A proposer produces work. The same proposer is then asked to “also list weaknesses,” or a critic role is placed beside the proposer but given the same context and an optional feedback prompt.

That can look like verification:

  • the transcript contains a message from a role named critic;
  • the prompt says “be critical”;
  • the critic gives suggestions before approval;
  • the workflow can continue when the critic says the work looks acceptable.

The boundary still collapses when the proposer grades its own work or when the negative channel is optional. A critic that can return an empty feedback string without recording “no defect found” has not performed an adversarial pass. It has only added a chance for the model to rationalize the draft.

verification_design.md Principle 1 rejects self-review as a verification signal. Principle 7 names the stronger form: cross-family verification beats self-verification. Adversary is the single-role orchestration primitive underneath those principles. It makes who critiques whom a runtime fact, not a tone instruction.

Forces

  • Separate role vs. single-agent self-critique. A second role costs tokens and routing complexity; self-critique is cheaper but preserves the same blind spot.
  • Shared context vs. blind critique. Full context is easy to pass, but it can contaminate the critic. A Blind Oracle or Cross-Family verifier may be needed for stronger independence.
  • Mandatory negative channel vs. optional feedback. Optional feedback collapses to “looks good.” A mandatory negative channel must either list defects or record an explicit no-defect verdict.
  • Single critic vs. panel. One adversary is the primitive. Multi-round disagreement belongs to Debate.
  • Same family vs. cross-family. A same-family adversary can still share latent priors with the proposer. Cross-Family strengthens the role boundary.

Solution

Make adversarial assignment explicit in code.

The orchestrator names a proposer, names a critic, rejects critic_id == proposer_id, and requires a structured critique artifact. The artifact must contain:

  • proposer identity;
  • critic identity;
  • the artifact being critiqued;
  • weaknesses, risks, or rejected assumptions;
  • suggestions or next action;
  • a score or verdict;
  • an explicit no_defect_found verdict if no weakness is found.
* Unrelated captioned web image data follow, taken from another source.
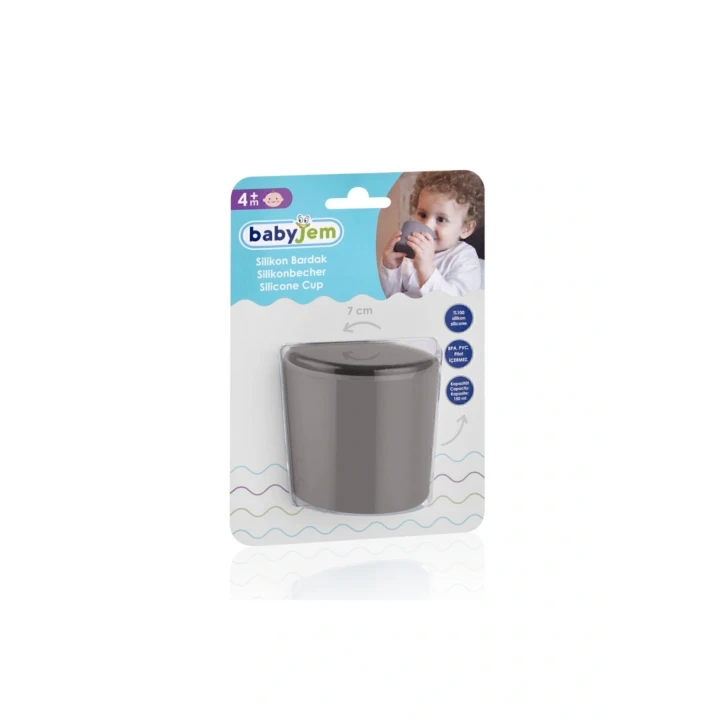 Babyjem Silikon Bardak Gri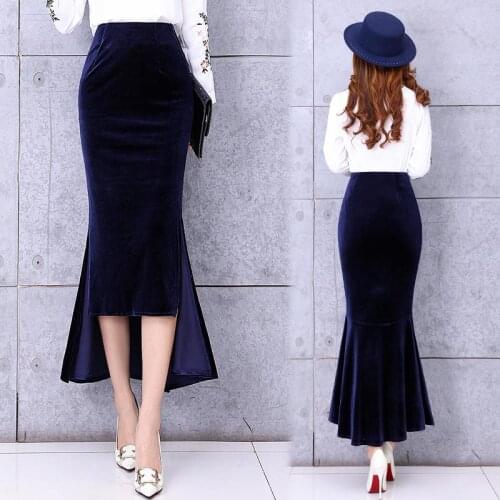 Free Shipping 2019 High Waist Long Maxi High Low Skirts For Women Plus Size S-2XL Mermaid Style Skirts Spring And Autumn Velvet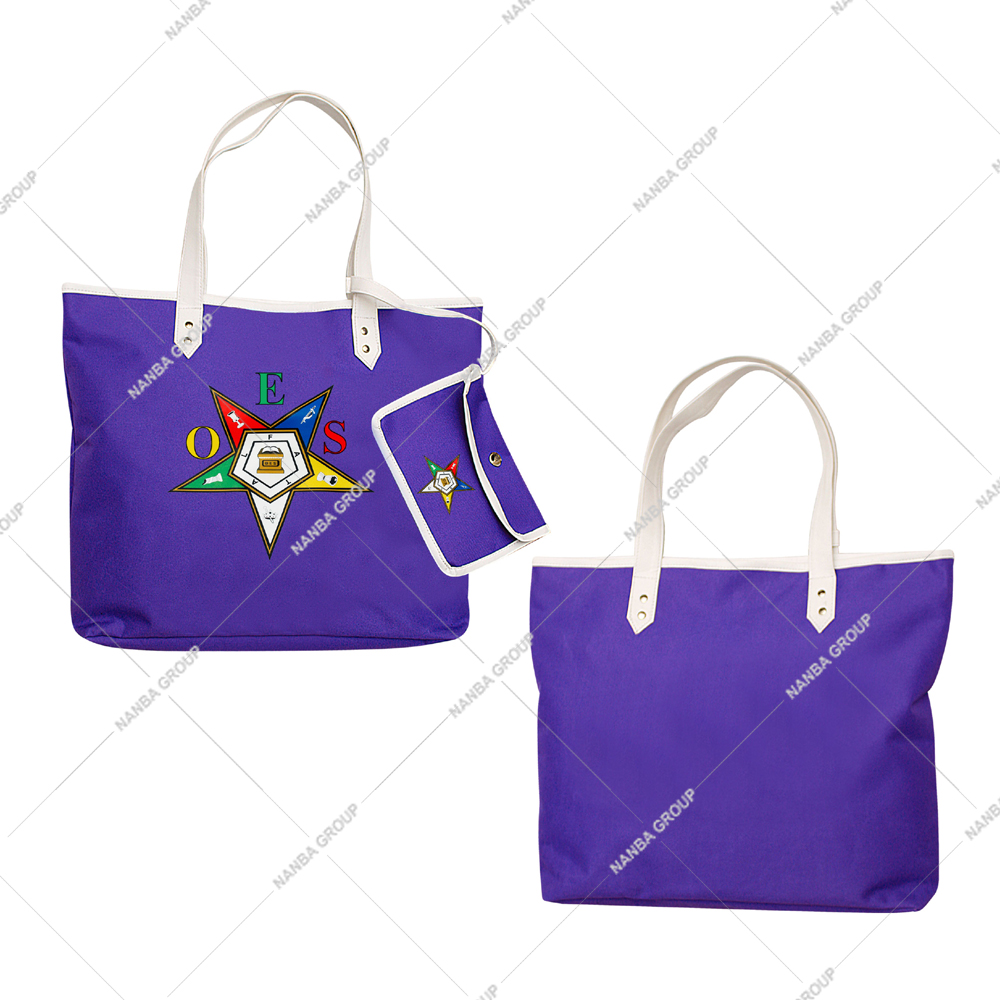 Photo-07 Eastern Star Embroidered Purple Codura Poly-Vinyl Tote Bag White Handles Matching Pouch Zipper Fashion Shopping Accessory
The role label is not enough. The load-bearing structure is identity separation plus a required negative channel.

Mechanism

  1. Assign role identities. Give each proposal an author_id, and give each critique a distinct critic_id.
  2. Reject self-critique. The orchestrator refuses to route a proposal back to its author as the adversary.
  3. Run the critic under a findings schema. The critic returns structured weaknesses, suggestions, score, and verdict.
  4. Require a negative channel. A critique must contain at least one weakness or an explicit no_defect_found verdict.
  5. Route findings onward. Findings gate release, route to Backpressure, or escalate. Routing is outside this card; the adversary only creates the failure signal.

Pattern / Antipattern

The same task: evaluate a proposal before it can advance. The antipattern side is intentionally uncovered in this pass. The pattern side shows the minimal identity and negative-channel assertions a verifier can inspect.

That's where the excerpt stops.